Une évolution irrémédiable ?
Il est évident que tout n’est pas si simple et si segmenté. Mais c’est une tendance de fond que constate Benoît Holzerny depuis quelques années. « Est-ce que ça va durer ? Est-ce que les marques prennent le bon chemin en visant avant tout les bobos qui courent un peu avant de viser les coureurs qui cherchent la performance ? Je n’en suis pas sûr, on verra ».

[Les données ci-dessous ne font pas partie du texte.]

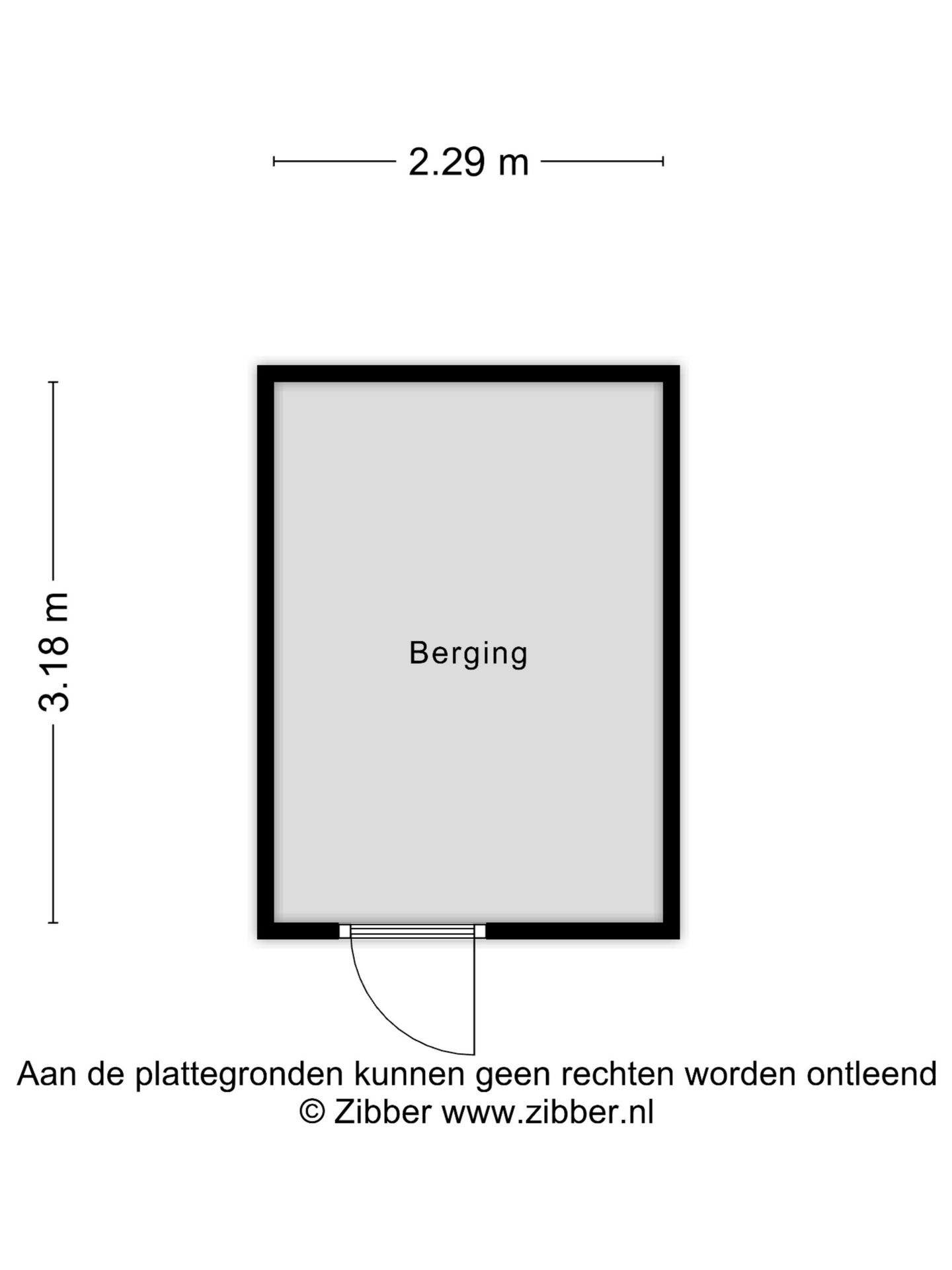 Photo 35 of Pieter Zeemanpark 25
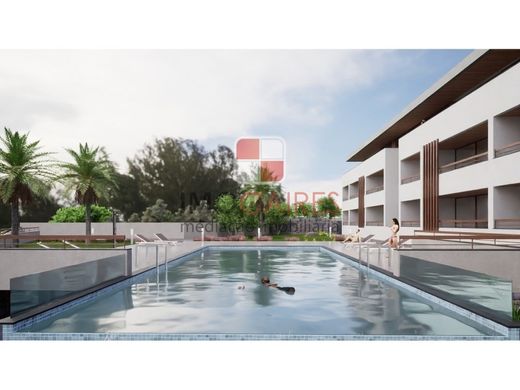 Apartment in Funchal, Madeira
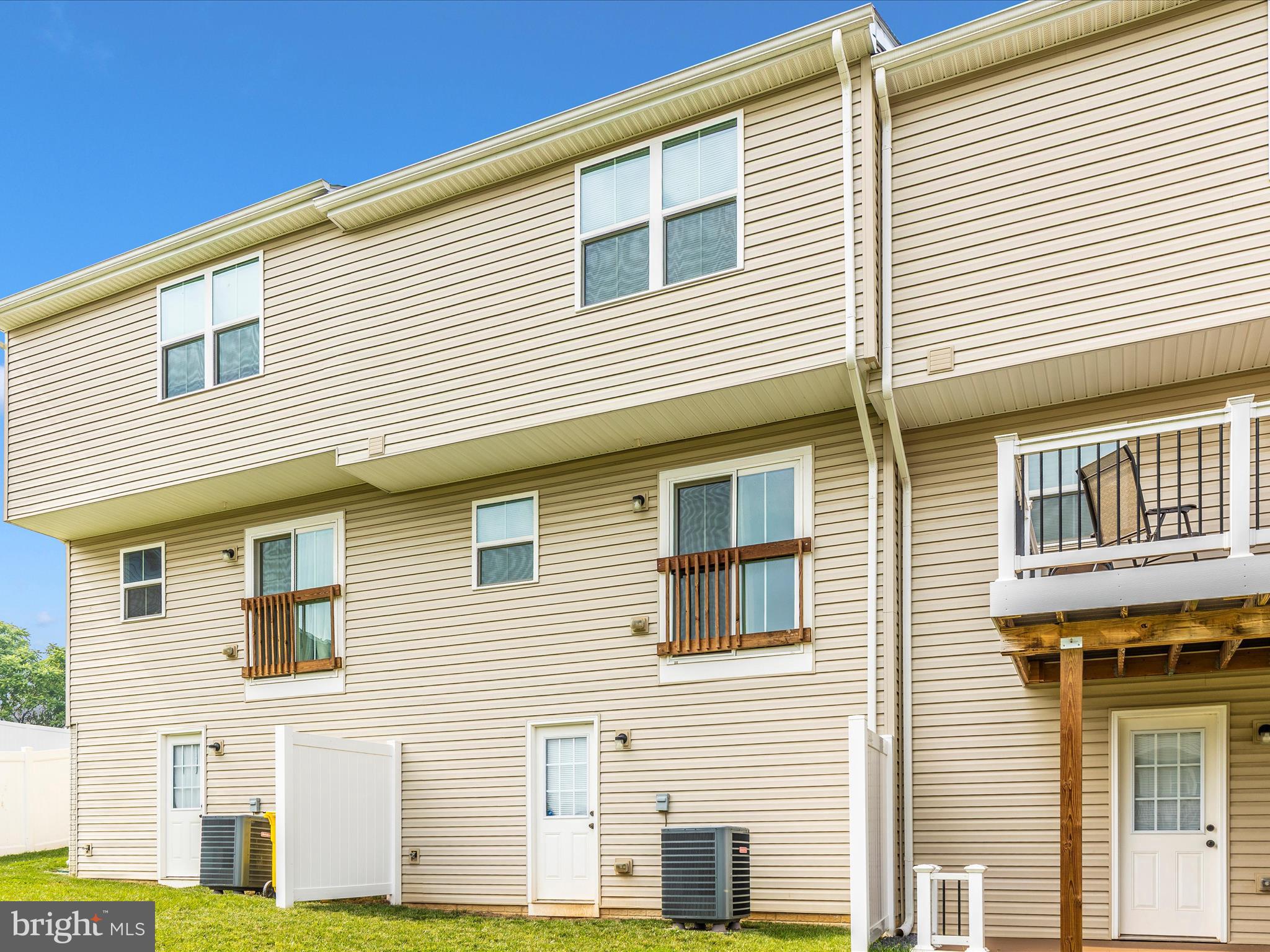 STONECREST - Residential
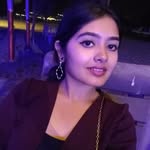 yadavnikita85 profile picture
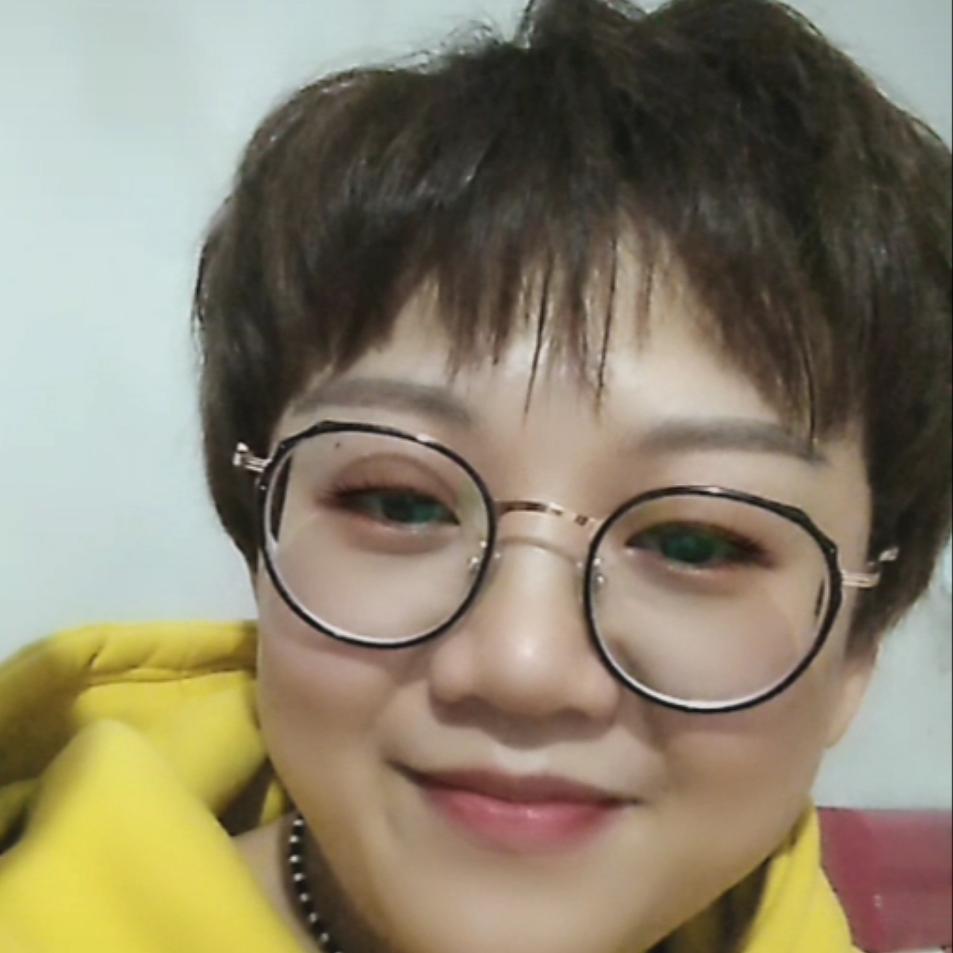 一切都是最好的安排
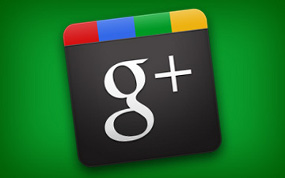 Google+ Perbolehkan Nama Samaran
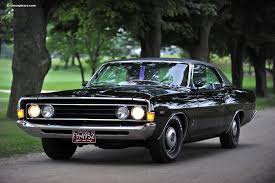1969 ford fairlane conceptcarz com 1969 ford fairlane conceptcarz com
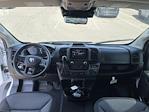 2025 Ram ProMaster 2500 High Roof FWD Empty Cargo Van for sale #R256920 - photo 29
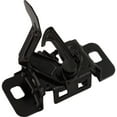 thumbnail image 6 of Hood Latch For 2012-2016 Chevrolet Sonic, 6 of 9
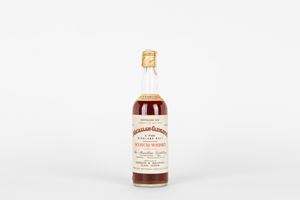 Scozia - Scozia - Whisky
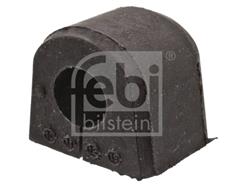 FEBI BILSTEIN 42782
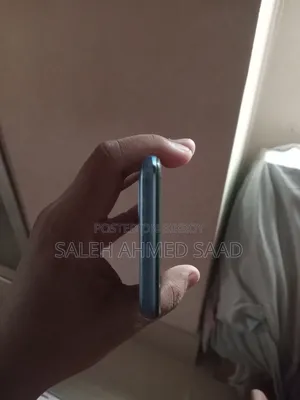 Realme C11 2021 32 GB Blue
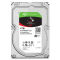 4TB Seagate IronWolf Pro ST4000NT001 7200RPM 256MB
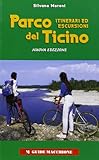 GUIDE MACCHIONE
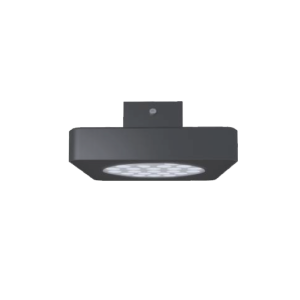 Φωτιστικό Οροφής WB7210S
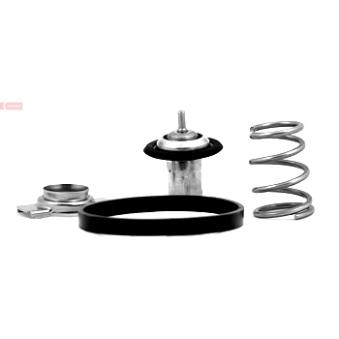 Thermostat d'eau DENSO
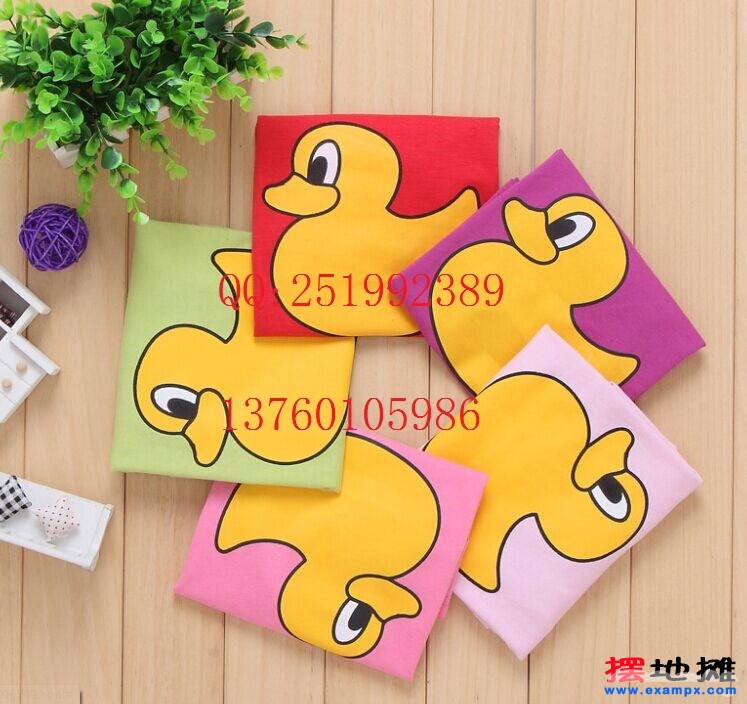 QQ图片20150402151152 (2).jpg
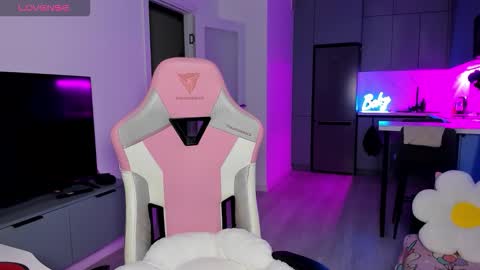 Emi online show from 01.31.26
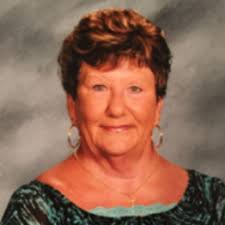 Linda Lou Mcintosh Obituary October 16, 2017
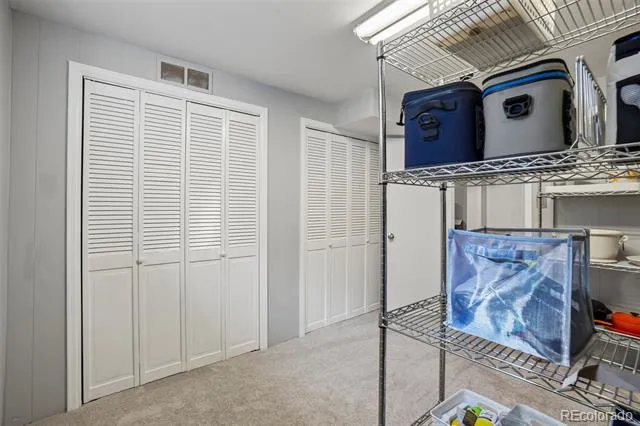 6766 Audubon Avenue Niwot, CO 80503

Certains élites ont aussi su évoluer. Ce n’est pas faire injure à un coureur comme Yoann Stuck que de dire qu’il n’a pas un palmarès mirobolant (Vous me direz que moi encore moins ? C’est vrai, mais tous les historiens n’ont pas fait la guerre, pourtant ils ont le droit d’en parler ! ) et pourtant il fait partie des deux seuls coureurs encore engagés avec adidas pour un an et compte d’autres marques dans son escarcelle. Pourquoi ? Parce qu’il a compris, comme d’autres avant lui (on pense à l’américain Anton Krupicka), que l’image est capitale. « Quand j’ai commencé, il fallait avoir un peu une bonne gueule mais il fallait surtout des performances. Aujourd’hui, il faut surtout une bonne gueule » sourit Holzerny.
En attendant, adidas et Mizuno ont pris un virage radical. Une poignée de coureurs sont encore sous contrat pour un an (Notamment Benoît Cori, double vainqueur des Templiers), les autres vont sans doute aller frapper à d’autres portes. Et elles sont de moins en moins nombreuses.